La pensée donnée à voir.

Christian Jacob (dir.), Lieux de savoir II. Les mains de l’intellect, 2011.

Le tome I de Lieux de savoirs, espaces et communautés, a été recensé pour EspacesTemps.net par Nicolas Adell, sous le titre « Une volonté de savoirs ».

Image1La parution du deuxième volume des Lieux de savoir, intitulé Les mains de l’intellect, offre l’opportunité de mieux saisir l’allure générale du projet scientifique ainsi que la singularité de l’entreprise initiée par Christian Jacob depuis le milieu des années 2000. Par rapport au premier volume, paru en 2007, qui portait sur les Espaces et communautés, des continuités mais également des inflexions sont repérables et permettent de cerner avec plus de précision le programme d’une « anthropologie historique des pratiques savantes » qui en est ici à son mitan, deux autres volumes étant prévus.

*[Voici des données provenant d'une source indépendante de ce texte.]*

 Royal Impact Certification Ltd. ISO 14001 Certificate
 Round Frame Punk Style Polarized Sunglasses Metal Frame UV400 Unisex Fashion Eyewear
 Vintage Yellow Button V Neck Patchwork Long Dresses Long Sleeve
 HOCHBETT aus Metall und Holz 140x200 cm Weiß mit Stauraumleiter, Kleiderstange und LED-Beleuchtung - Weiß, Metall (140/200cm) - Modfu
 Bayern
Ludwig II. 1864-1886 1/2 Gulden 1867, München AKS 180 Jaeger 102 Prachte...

Dans l’ordre des continuités, il faut situer l’économie générale, la recette et l’ambition que l’on retrouve dans ce deuxième volet. Celui-ci se divise, comme le précédent, en trois grandes parties thématiques (« Ergonomies », « Inscriptions », « Opérations ») auxquelles s’ajoute une quatrième, de synthèse, qui tente de renouer, par le bais de l’étude de quelques cas particuliers, les fils examinés de façon séparée dans les textes précédents. Les parties sont organisées en sections qui regroupent trois à cinq contributions introduites par un texte de portée générale qui les met en perspective. Rarement simples résumés des textes à venir, ces introductions de section sont souvent des moments importants, parfois de véritables essais. Les introductions de Christian Jacob (notamment « Manipuler les choses, manier les signes », pp. 195-203, et « Cheminements », pp. 738-743), celle de Rafael Mandressi (« Gestes et formes de l’écriture savante », pp. 283-289) ou de Jean-Marc Chatelain (« Raisons d’écrire : pour une pragmatique historique de l’écrit », pp. 377-383) sont exemplaires à ce niveau.

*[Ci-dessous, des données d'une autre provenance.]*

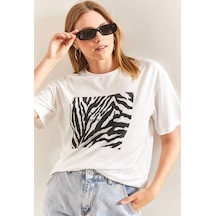 Baskılı Basic Bisiklet Yaka Örme T-shirt- Önü Siyah
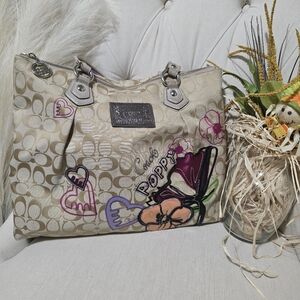 COACH AUTHENTIC VERIFIED Vintage Poppy Signature Glam Tote Limited Edition Bag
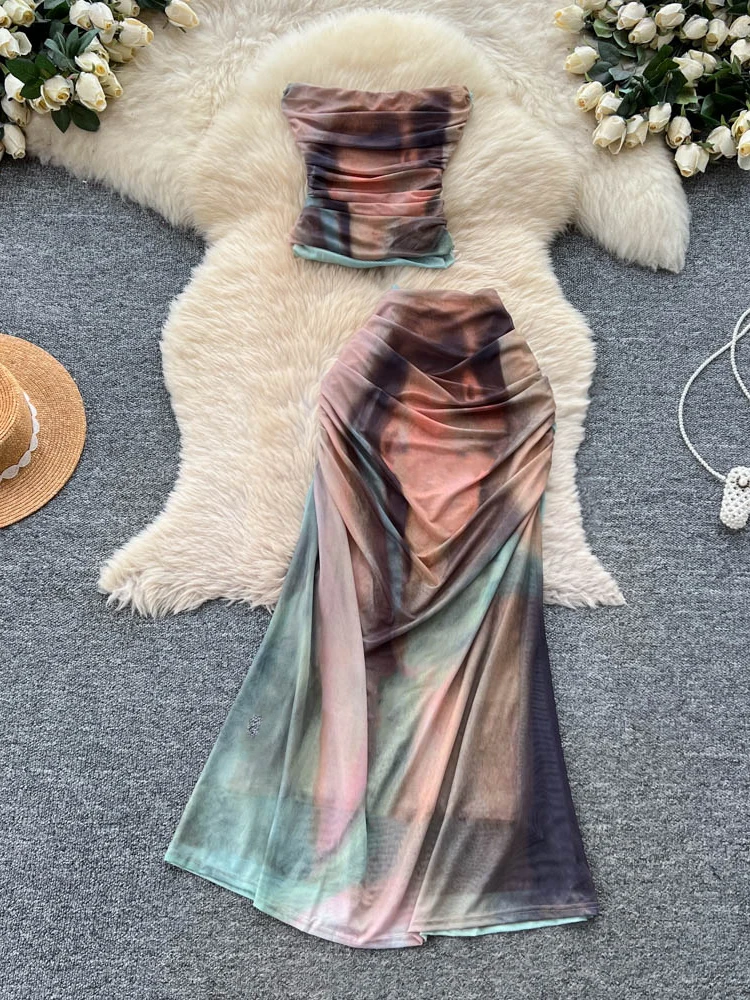 

Сексуальная майка с принтом Spicy Girl, комплект из двух предметов, женская летняя плиссированная юбка с высокой талией, утягивающий ансамбль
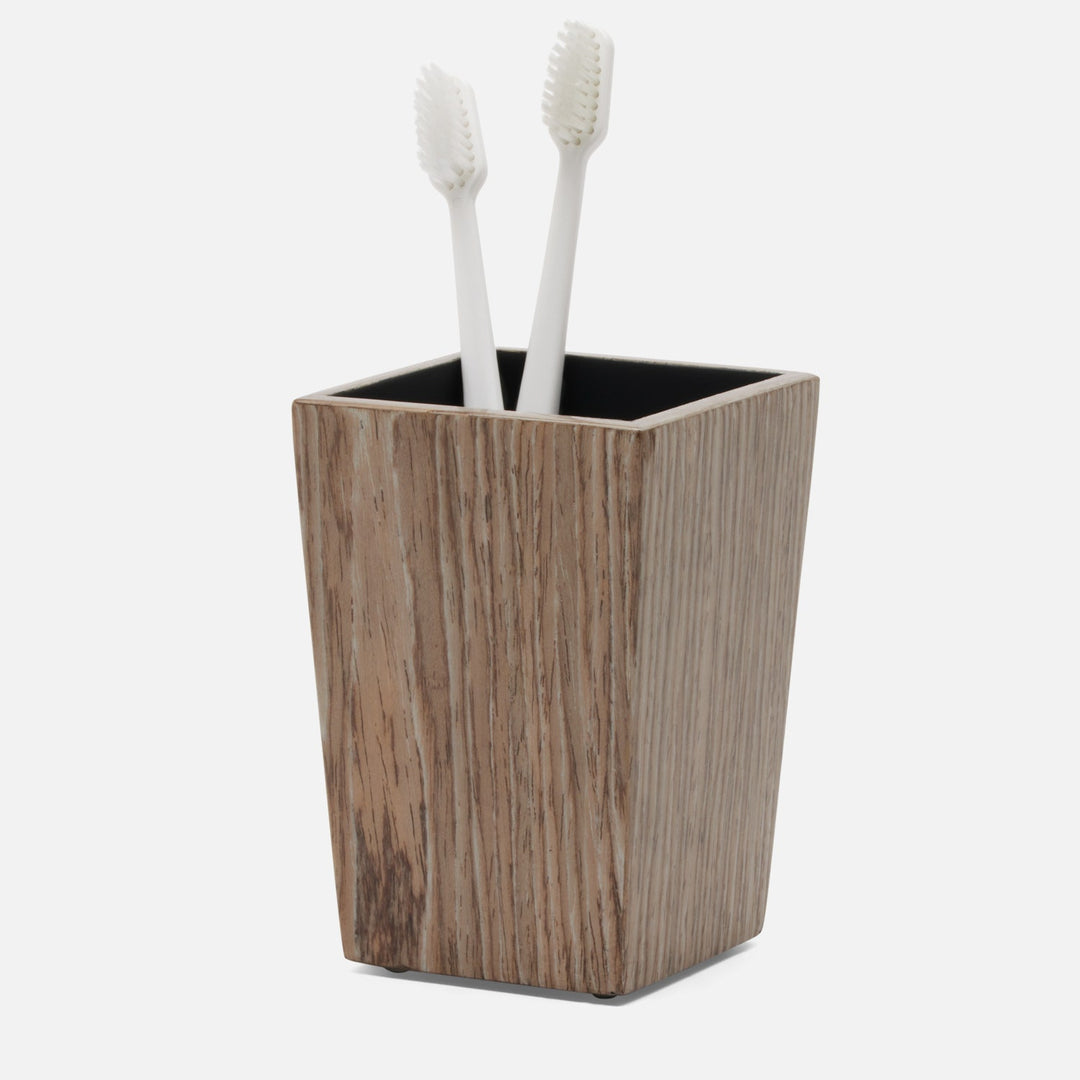 Westerly, Oak, Brush Holder, Square Tapered, Veneer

Ces textes introductifs offrent également un condensé de la recette utilisée dans ce volume et qu’avait initiée le précédent. Les confrontations d’époques et de lieux différents servent à produire des échos inattendus ou à pointer avec précision la nature et la grandeur d’écarts entre des contextes et des milieux hétérogènes. La stratégie de ces rapprochements souvent inédits et parfois surprenants évite les dérives du comparatisme sans rivage par le contrôle soigneux qui est fait de la cohérence des pratiques et, surtout, des échelles des objets mis en résonance. L’introduction générale de Christian Jacob l’illustre parfaitement. L’exposé de quatre figures du savoir savant, un mathématicien du 17e siècle, un lettré italien du 16e, un philologue japonais du 18e et une biologiste contemporaine, est l’occasion d’une confrontation de représentations (Jacob présente moins les personnages que les illustrations qui les montrent « en action ») qui donnent à voir le geste savant, la place du corps et les moments de matérialisation de la pensée qui sont autant d’étapes essentielles à son élaboration.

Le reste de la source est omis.